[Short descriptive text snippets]
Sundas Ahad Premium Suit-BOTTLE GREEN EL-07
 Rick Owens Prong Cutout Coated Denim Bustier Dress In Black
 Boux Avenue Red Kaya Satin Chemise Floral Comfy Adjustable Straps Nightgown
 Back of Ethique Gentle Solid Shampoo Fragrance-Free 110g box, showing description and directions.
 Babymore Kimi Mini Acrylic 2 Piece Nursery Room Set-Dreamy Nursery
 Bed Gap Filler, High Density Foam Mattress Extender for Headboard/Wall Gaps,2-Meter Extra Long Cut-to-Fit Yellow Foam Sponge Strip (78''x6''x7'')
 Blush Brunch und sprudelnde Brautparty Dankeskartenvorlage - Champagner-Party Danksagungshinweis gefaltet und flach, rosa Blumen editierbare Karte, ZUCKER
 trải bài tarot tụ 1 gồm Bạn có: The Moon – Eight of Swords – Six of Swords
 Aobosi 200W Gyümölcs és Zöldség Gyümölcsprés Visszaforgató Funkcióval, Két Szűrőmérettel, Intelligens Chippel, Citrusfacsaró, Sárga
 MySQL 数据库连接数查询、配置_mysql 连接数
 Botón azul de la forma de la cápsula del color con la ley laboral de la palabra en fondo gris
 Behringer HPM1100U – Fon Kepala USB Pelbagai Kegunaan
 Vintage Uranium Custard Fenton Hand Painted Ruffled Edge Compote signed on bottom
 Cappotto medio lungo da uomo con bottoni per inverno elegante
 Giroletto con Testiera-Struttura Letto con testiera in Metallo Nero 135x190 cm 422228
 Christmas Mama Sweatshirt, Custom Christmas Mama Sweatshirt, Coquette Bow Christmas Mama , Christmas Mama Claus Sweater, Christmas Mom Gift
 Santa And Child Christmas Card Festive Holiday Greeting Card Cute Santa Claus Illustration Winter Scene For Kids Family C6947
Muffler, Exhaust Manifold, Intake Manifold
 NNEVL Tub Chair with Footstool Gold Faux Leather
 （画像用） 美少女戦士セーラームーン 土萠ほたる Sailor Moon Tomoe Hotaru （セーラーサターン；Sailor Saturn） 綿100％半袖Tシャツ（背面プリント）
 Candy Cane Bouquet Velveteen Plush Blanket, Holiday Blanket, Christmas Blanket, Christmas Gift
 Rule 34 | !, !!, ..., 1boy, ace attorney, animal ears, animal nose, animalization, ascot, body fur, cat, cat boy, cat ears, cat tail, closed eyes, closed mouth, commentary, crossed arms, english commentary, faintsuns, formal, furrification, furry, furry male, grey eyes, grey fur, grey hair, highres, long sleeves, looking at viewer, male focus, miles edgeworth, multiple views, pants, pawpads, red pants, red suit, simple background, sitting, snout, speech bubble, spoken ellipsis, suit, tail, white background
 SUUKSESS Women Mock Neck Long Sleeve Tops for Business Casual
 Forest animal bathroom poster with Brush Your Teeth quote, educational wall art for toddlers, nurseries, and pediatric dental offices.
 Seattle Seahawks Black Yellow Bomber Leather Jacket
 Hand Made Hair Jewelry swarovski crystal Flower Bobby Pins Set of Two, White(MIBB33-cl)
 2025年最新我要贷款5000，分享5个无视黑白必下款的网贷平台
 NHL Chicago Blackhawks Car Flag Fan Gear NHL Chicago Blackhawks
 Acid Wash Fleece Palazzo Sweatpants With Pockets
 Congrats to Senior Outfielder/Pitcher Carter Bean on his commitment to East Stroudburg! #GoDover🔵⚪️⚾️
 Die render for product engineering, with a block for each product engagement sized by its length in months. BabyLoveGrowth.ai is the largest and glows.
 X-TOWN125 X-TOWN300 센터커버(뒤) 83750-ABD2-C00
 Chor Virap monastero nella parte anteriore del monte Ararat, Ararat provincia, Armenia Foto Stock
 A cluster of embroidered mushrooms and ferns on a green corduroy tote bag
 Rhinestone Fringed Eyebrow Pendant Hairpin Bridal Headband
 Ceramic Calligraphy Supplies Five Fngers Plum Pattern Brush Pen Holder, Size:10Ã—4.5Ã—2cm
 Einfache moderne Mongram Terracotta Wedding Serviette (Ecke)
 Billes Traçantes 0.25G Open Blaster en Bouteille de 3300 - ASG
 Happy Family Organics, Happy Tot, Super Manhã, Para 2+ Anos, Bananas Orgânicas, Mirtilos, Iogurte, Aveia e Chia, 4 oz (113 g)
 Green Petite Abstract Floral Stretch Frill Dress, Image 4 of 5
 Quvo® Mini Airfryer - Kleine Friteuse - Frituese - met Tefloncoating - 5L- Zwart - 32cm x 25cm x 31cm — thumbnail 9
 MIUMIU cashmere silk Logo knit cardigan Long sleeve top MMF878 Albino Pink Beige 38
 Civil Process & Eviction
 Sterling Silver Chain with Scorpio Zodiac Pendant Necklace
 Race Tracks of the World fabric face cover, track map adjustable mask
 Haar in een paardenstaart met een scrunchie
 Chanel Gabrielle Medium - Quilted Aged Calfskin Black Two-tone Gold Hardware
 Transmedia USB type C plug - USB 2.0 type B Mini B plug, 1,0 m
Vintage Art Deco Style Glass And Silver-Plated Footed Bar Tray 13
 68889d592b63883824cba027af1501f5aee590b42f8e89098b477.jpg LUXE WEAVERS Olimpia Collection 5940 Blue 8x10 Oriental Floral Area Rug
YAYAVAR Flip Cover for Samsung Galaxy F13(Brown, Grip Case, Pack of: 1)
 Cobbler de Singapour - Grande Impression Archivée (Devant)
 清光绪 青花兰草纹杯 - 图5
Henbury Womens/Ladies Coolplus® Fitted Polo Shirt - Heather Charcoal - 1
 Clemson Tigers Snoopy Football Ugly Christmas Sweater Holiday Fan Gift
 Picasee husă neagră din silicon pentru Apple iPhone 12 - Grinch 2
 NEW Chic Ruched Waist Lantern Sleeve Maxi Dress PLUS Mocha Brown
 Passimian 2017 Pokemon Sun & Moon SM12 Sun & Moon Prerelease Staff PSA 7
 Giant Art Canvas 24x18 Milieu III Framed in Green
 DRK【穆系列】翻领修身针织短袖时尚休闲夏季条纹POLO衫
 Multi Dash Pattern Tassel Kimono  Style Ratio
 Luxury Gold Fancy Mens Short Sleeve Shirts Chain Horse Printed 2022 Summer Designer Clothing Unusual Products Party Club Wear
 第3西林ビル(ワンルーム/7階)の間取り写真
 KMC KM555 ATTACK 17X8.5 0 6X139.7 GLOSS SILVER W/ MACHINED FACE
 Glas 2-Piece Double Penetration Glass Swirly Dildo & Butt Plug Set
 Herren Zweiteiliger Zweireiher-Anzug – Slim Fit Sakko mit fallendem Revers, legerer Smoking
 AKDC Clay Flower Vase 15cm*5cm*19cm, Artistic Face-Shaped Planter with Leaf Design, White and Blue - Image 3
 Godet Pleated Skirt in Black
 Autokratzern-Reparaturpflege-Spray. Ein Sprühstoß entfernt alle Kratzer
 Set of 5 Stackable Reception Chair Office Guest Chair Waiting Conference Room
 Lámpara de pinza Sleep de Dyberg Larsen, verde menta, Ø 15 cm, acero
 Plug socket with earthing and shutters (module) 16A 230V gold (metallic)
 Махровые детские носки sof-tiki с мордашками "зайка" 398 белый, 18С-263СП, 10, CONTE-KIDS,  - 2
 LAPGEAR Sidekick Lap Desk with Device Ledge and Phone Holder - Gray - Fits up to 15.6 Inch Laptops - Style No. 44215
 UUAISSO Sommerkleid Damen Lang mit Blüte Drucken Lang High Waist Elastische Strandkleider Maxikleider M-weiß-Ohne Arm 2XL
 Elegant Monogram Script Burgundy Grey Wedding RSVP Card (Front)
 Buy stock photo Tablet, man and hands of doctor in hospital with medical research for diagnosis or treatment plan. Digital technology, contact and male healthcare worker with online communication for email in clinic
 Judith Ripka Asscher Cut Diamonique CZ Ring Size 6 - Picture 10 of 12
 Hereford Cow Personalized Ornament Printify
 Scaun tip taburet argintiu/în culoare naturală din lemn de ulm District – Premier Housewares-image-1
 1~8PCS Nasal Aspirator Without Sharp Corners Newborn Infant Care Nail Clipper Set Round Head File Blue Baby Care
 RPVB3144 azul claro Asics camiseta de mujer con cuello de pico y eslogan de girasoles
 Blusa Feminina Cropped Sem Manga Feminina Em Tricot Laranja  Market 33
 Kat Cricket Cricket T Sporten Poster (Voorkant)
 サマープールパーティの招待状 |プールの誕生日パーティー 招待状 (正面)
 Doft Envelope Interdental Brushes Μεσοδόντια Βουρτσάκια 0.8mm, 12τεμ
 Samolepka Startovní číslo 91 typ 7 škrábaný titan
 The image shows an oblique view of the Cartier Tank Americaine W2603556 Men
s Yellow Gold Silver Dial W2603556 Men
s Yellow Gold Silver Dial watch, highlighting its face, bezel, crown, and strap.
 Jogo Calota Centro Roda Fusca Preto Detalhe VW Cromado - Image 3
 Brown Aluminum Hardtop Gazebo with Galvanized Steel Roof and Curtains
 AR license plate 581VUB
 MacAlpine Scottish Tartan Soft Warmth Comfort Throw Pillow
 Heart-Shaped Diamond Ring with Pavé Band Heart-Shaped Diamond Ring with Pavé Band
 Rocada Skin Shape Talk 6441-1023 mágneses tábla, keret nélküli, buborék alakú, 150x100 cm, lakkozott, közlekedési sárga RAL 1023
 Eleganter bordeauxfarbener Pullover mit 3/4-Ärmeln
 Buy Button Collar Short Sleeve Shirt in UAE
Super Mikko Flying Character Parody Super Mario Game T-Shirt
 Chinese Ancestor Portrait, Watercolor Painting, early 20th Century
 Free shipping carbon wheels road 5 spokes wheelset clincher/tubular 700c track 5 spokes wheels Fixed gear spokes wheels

#### DIRECTIONS FOR THIS TASK
All lines above from the line with "Green Petite Abstract" through the line with "Chanel Gabrielle Medium", both included, are to be set down exactly, with nothing else.

#### ANSWER TO THIS EXERCISE
 Green Petite Abstract Floral Stretch Frill Dress, Image 4 of 5
 Quvo® Mini Airfryer - Kleine Friteuse - Frituese - met Tefloncoating - 5L- Zwart - 32cm x 25cm x 31cm — thumbnail 9
 MIUMIU cashmere silk Logo knit cardigan Long sleeve top MMF878 Albino Pink Beige 38
 Civil Process & Eviction
 Sterling Silver Chain with Scorpio Zodiac Pendant Necklace
 Race Tracks of the World fabric face cover, track map adjustable mask
 Haar in een paardenstaart met een scrunchie
 Chanel Gabrielle Medium - Quilted Aged Calfskin Black Two-tone Gold Hardware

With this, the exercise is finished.